Lee Sugi, Jung Minah, Jung Jaeeun, Park Kunhyang, Ryu Jea-Woon, Kim Jeongkil, Kim Dae-Soo
Department of Bioinformatics, KRIBB School of Bioscience, Korea University of Science and Technology(UST), Daejeon, Korea.
Department of Rare Disease Research Center, Korea Research Institute of Bioscience & Biotechnology(KRIBB), Daejeon, Korea.
PLoS One. 2017 Sep 28;12(9):e0185514. doi: 10.1371/journal.pone.0185514. eCollection 2017.
Whole-exome sequencing (WES) can identify causative mutations in hereditary diseases. However, WES data might have a large candidate variant list, including false positives. Moreover, in families, it is more difficult to select disease-associated variants because many variants are shared among members. To reduce false positives and extract accurate candidates, we used a multilocus variant instead of a single-locus variant (SNV). We set up a specific window to analyze the multilocus variant and devised a sliding-window approach to observe all variants. We developed the gene selection tool (GST) based on proportion tests for linkage analysis using WES data. This tool is R program coded and has high sensitivity. We tested our code to find the gene for hereditary spastic paraplegia using SNVs from a specific family and identified the gene known to cause the disease in a significant gene list. The list identified other genes that might be associated with the disease.

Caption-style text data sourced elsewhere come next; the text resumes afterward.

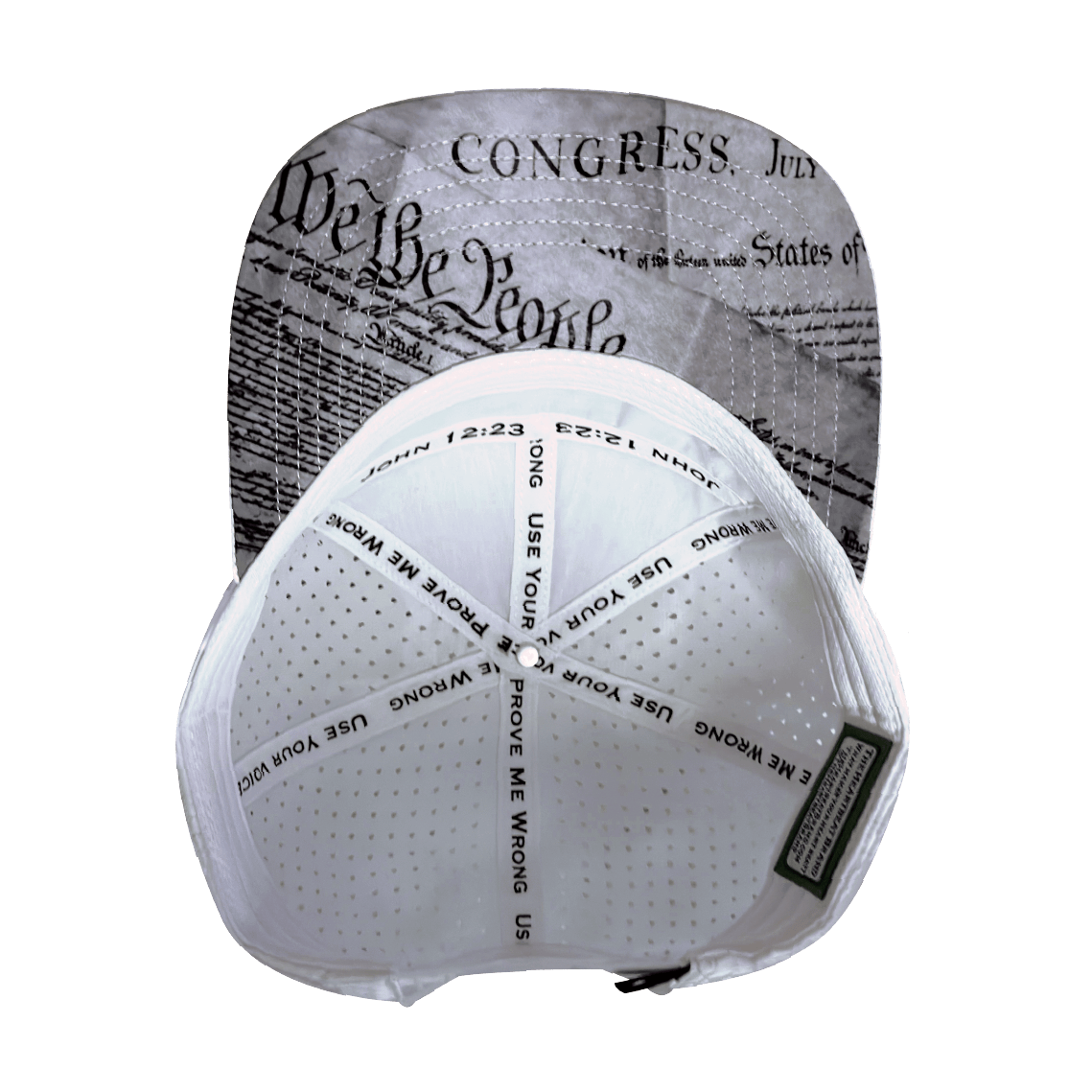 The Heartbeat Brand FREEDOM Hat - White Camo - Flat Bill - Laser Mesh — lifestyle worn / used context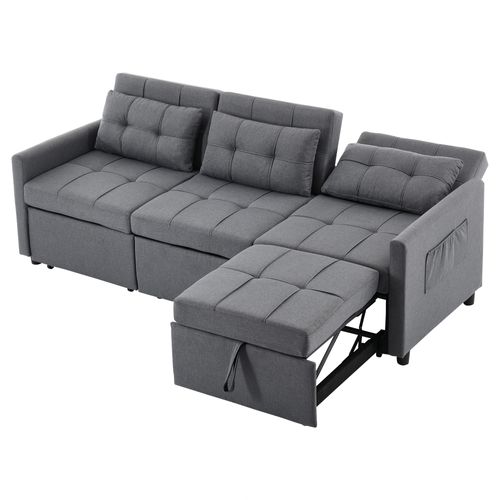 Canapé Convertible 3 Places Gris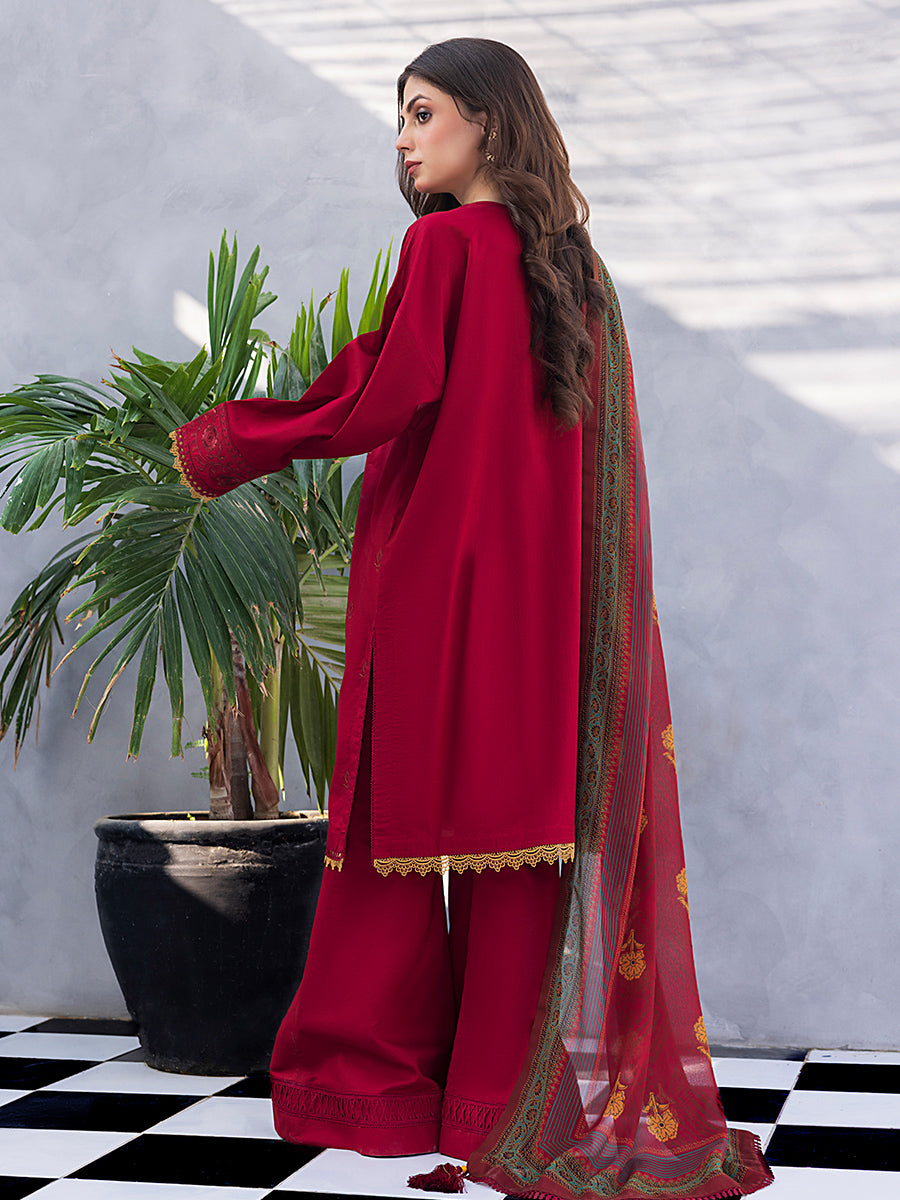 1 & Get 1 Free - 3pc- Unstitched Dyed Embroidered Lawn Suit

全外显子组测序(WES)能够识别遗传性疾病中的致病突变。然而,WES数据可能会有一个庞大的候选变异列表,包括假阳性。此外,在家族中,选择与疾病相关的变异更加困难,因为许多变异在成员之间是共享的。为了减少假阳性并提取准确的候选者,我们使用多位点变异而非单一位点变异(单核苷酸变异,SNV)。我们设置了一个特定窗口来分析多位点变异,并设计了一种滑动窗口方法来观察所有变异。我们基于使用WES数据进行连锁分析的比例检验开发了基因选择工具(GST)。该工具用R程序编码,具有很高的灵敏度。我们使用来自一个特定家族的单核苷酸变异测试了我们的代码,以寻找遗传性痉挛性截瘫的致病基因,并在一个显著的基因列表中鉴定出了已知导致该疾病的基因。该列表还识别出了其他可能与该疾病相关的基因。